To minimize temperature variations, the breath sample bags are brought to room temperature while the E-nose chamber is maintained at 60°C. Each 150s measurement cycle comprised a baseline, response, and recovery phase. Before the breath sample inhalation, the chamber and sensors are stabilized to baseline. After reading the sensor outputs during the response phase, the system is exhausted by injecting clean air during the recovery phase.

The sensor signals in response to gases in samples are transformed into feature vectors. To avoid model overfitting caused by complex feature extraction, maximum responses from each measurement were used as features for glucose prediction modeling.

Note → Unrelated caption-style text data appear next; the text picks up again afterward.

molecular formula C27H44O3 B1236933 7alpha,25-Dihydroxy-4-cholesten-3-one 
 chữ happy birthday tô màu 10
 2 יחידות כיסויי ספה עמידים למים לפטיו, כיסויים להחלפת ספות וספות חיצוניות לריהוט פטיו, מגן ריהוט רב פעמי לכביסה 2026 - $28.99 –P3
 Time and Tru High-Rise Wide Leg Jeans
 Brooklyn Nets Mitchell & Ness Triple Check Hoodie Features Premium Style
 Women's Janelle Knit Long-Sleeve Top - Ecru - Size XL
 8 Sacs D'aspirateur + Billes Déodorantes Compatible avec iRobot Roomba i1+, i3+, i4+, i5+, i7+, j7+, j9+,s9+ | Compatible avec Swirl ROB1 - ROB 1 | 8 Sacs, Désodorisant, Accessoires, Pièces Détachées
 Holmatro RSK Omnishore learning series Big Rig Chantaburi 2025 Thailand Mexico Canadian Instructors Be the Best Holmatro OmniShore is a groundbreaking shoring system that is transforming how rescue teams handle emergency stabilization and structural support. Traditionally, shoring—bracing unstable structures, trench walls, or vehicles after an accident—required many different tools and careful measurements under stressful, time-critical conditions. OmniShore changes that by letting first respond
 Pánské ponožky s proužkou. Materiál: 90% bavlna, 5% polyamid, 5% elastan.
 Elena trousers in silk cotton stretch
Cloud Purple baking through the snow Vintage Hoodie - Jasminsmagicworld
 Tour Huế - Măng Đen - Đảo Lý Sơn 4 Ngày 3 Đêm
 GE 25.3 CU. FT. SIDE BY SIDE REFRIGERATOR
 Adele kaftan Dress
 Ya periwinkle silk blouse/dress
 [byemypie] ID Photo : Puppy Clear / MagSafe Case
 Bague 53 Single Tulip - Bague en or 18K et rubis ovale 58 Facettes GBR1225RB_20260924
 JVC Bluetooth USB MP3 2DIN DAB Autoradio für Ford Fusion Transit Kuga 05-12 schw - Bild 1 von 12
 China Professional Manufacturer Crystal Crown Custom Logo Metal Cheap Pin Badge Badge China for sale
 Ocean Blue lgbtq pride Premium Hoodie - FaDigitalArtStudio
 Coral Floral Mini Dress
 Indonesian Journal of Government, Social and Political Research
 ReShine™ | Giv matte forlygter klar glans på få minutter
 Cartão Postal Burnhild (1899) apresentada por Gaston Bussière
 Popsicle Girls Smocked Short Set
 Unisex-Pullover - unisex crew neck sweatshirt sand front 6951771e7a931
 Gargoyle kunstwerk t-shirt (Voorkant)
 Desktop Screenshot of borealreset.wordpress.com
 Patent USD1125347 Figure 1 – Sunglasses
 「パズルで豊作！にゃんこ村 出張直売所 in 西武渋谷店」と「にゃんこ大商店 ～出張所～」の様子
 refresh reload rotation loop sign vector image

The researchers employed three frequently based classifiers: support vector machine (SVM), random forest, and gradient boosting tree (GBT) for qualitative analysis. Similarly, SVM regressor (SVR), random forest regressor, and GB regressor (GBR) were used for quantitative glucose prediction. GBR offered the best prediction performance (0.77 mmol/L MAE). The researchers have created a hybrid regressor that merges GBT classification with either SVR or GBR regression techniques, significantly enhancing prediction accuracy. The hybrid regressor first qualitatively predicted the range of glucose levels and generated fine-grained quantitative predictions based on the predicted range. The method significantly improves prediction accuracy (0.69 mmol/L MAE) by addressing the imbalanced dataset issue.

The machine learning-enabled E-Nose system demonstrated accurate glucose measurement capability non-invasively. The prototype offers promising possibilities for enhancing healthcare, particularly for individuals with diabetes who require frequent glucose monitoring.